• _WHAT YOU NEED TO DO_
Repeat the listing exactly. The images do not belong in the copy.

• _COLLECTED MATERIAL_
Content starts

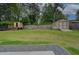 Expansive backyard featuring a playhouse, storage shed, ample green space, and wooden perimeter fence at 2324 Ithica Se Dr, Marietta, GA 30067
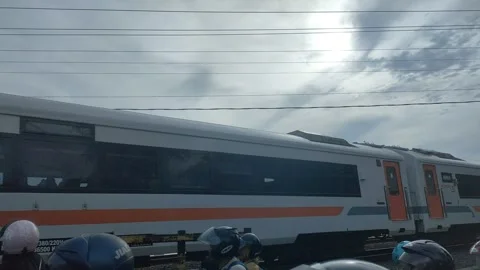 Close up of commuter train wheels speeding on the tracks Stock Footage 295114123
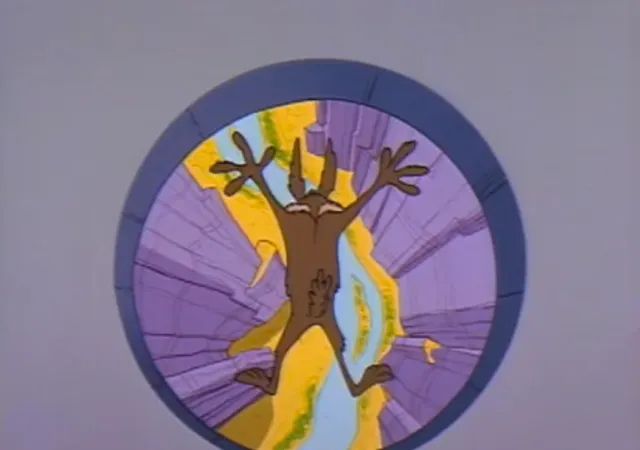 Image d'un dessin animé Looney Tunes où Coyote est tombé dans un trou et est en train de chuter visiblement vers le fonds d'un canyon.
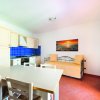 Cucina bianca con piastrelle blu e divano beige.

Content ends

• _EXPECTED ANSWER_
 Expansive backyard featuring a playhouse, storage shed, ample green space, and wooden perimeter fence at 2324 Ithica Se Dr, Marietta, GA 30067
 Close up of commuter train wheels speeding on the tracks Stock Footage 295114123
 Image d'un dessin animé Looney Tunes où Coyote est tombé dans un trou et est en train de chuter visiblement vers le fonds d'un canyon.
 Cucina bianca con piastrelle blu e divano beige.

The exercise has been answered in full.